Gas transmission compressor station delivers

by George Gaebler, Mark Kazimirsky

Developers find that avoiding higher-level programming, while a bit slower, is more than adequate and less costly.

Thirteen million people throughout Northern and Central California count on Pacific Gas and Electric Co. (PG&E) to deliver their energy. PG&E's parallel gas transmission pipelines, L400 and L401, carry 1.98 billion standard cubic feet of natural gas from the Oregon border to the San Francisco Bay area every day.

Four compressor stations situated strategically along the 400-mile-long pipelines boost the pressure of the gas to keep it moving down the line to the customers. The stations are typically unmanned and must be remotely monitored and controlled by several layers of supervisory control and data acquisition system (SCADA).

The largest of the four stations, the Delevan compressor station, has three gas-driven centrifugal compressors and is arguably the most critical station on the line. A scheduled shutdown at Delevan costs as much as $10,000 per day, and unplanned shutdowns are even more costly.

An upgrade for the station control system at Delevan overcame significant challenges to meet new requirements to increase remote control capabilities and improve system performance while maintaining safe, reliable operation.

Delevan compressor station

The Delevan compressor station consists of three gas-driven centrifugal compressors: K1, K2, and K3. K1 and K2 units rated at 9,250 horsepower, and K3 is a 14,000-horsepower unit.

They compress incoming gas from the 36-inch transmission lines and discharge it into 36- and 42-inch pipes. The station piping allows for the three units to discharge into each of the two pipelines at different discharge pressures and different flow rates.

Control valves, in the suction and discharge piping of each unit as well as in the station piping, route gas through the one suction header and two discharge headers via various configurations.

The control system at the station is comprised of compressor unit controls and an overall station controller. Each compressor unit has a self-contained controller, while a separate controller provides supervisory control of the station.

The unit controllers contain control logic responsible for safe operation of each unit. The unit controllers monitor operating parameters and initiate unit alarms and shutdowns as appropriate. The station programmable logic controller (PLC) contains the logic for coordinating the operation of each compressor unit according to the pipeline conditions.

Significant events log-in

Control set points and station operating parameters reside in the station PLC. Station control set points may be set at the station through a human-machine interface (HMI) or remotely via PG&E's SCADA.

The control system allows unattended operation of the station from PG&E's Brentwood terminal 200 miles south of the station. The station PLC receives and carries out the commands from Brentwood sent via the SCADA system.

The station PLC fulfills the SCADA commands by issuing start/stop commands to the appropriate unit control system and by increasing or decreasing the speed set points to the appropriate unit controllers in response to changing pipeline conditions.

In addition to implementing commands from the Brentwood terminal, the station control system continuously monitors selected pipeline, station, and unit conditions. Significant events and abnormal conditions log into and alarm the station and Brentwood controllers.

Vent gas to atmosphere

The station and the unit controllers have a hierarchical system of responses to specific abnormal conditions. The PLC has the decision-making logic and controls the responses to various atypical operating conditions.
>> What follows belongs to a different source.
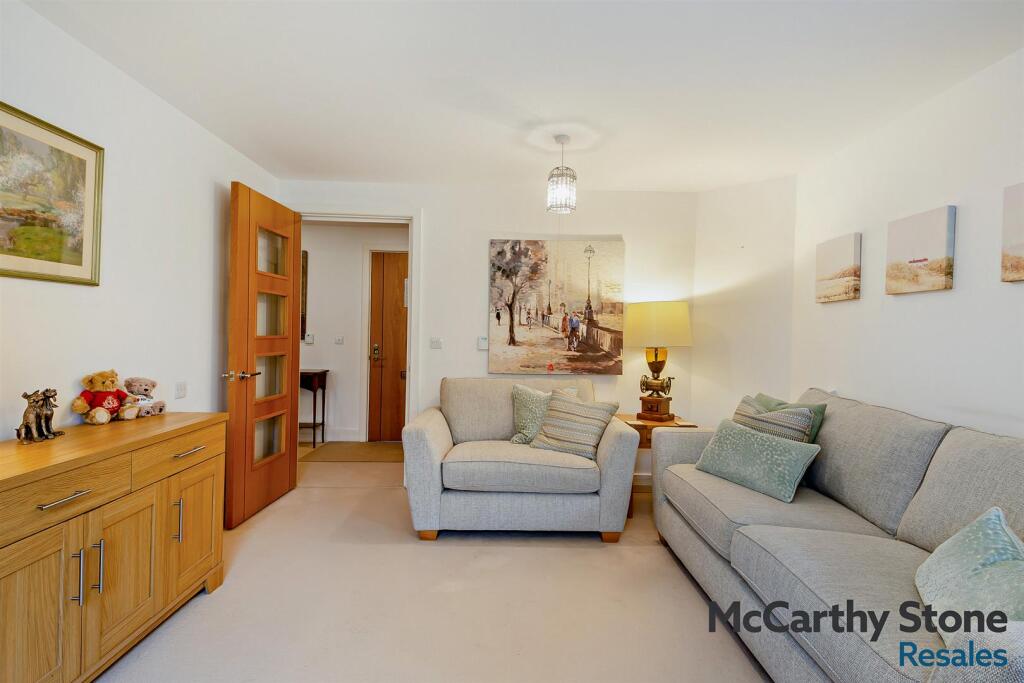 Additional image 3 of Peel Court, College Way, Welwyn Garden City, Hertfordshire, AL8 6DG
The first order or most severe response is an emergency shutdown, also referred to as a station shutdown lockout. This response isolates the station from the two main pipelines and vents all of the station piping out to the atmosphere. This level of response requires local manual intervention before operation can resume.

The next most severe condition response is a shutdown nonlockout. A station nonlockout initiates a shutdown of all the units in operation or those units connected to a specific pipeline.

If the condition is due to an improper station valve configuration, all operating units are shut down. If the condition is because of an abnormal discharge pressure or temperature condition in one header only, the units compressing into that affected pipeline stop.

This response level does not blow down the station piping and does not require local manual intervention to restore the system to operation. Should the initiating condition return to normal within a predetermined time period, the station resumes remote automatic operation.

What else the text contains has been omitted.